• [Prompt]:
What is needed is an exact copy of every line from the one with "جریمه عجیب و غریب لیونل مسی پابرجا ماند" to the end of the entries below, without the pictures.

[[ Source records open ]]

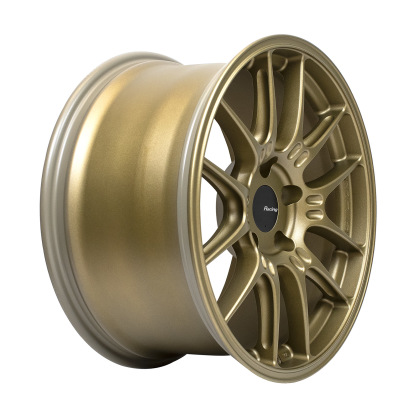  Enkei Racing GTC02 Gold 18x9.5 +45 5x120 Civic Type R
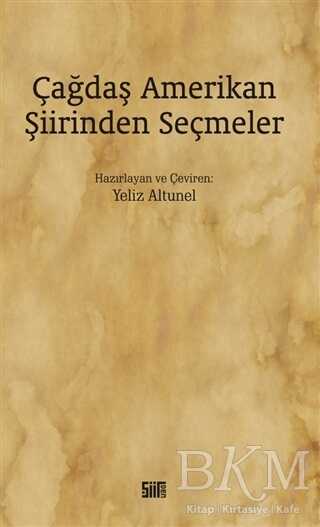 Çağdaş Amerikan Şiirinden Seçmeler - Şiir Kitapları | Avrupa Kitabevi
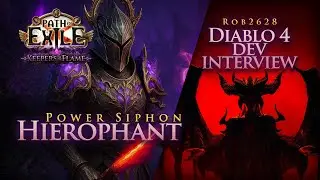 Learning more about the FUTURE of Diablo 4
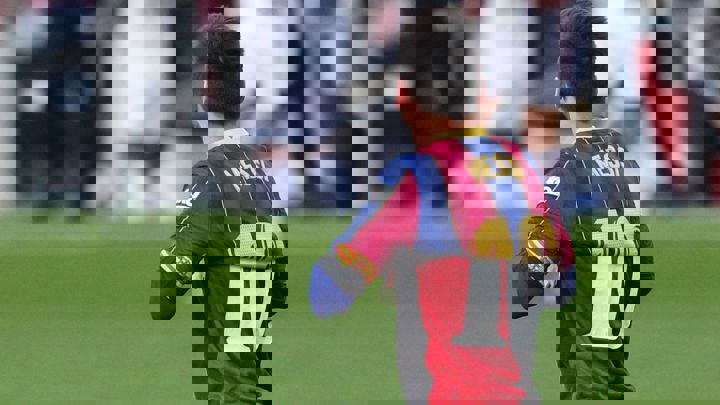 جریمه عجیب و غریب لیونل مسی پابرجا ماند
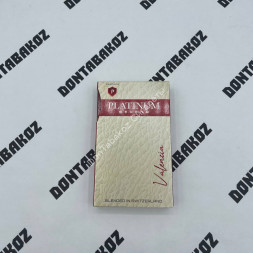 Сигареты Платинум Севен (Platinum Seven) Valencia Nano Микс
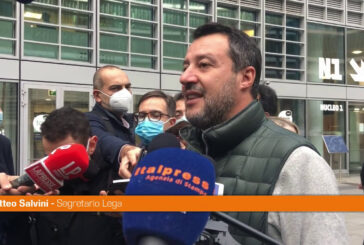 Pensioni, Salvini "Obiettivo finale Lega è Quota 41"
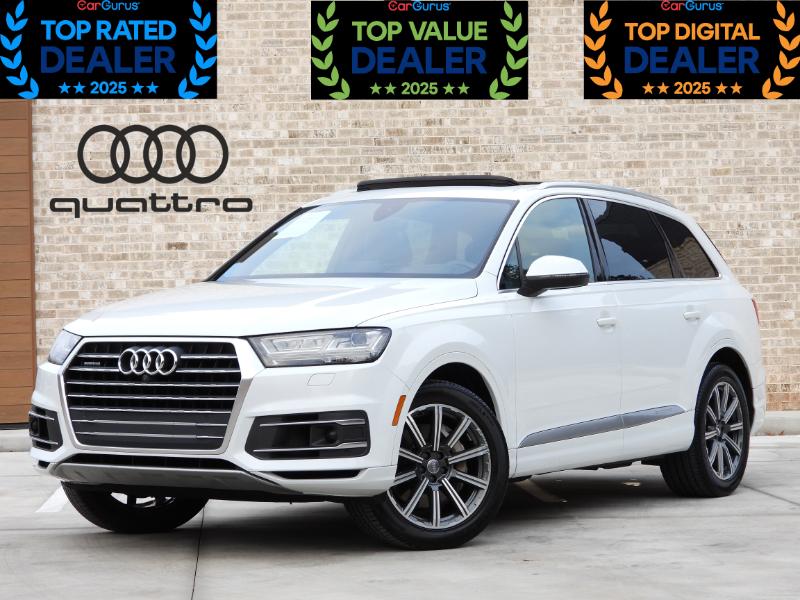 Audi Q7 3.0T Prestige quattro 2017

[[ Source records closed ]]

• [Problem solution]:
 جریمه عجیب و غریب لیونل مسی پابرجا ماند
 Сигареты Платинум Севен (Platinum Seven) Valencia Nano Микс
 Pensioni, Salvini "Obiettivo finale Lega è Quota 41"
 Audi Q7 3.0T Prestige quattro 2017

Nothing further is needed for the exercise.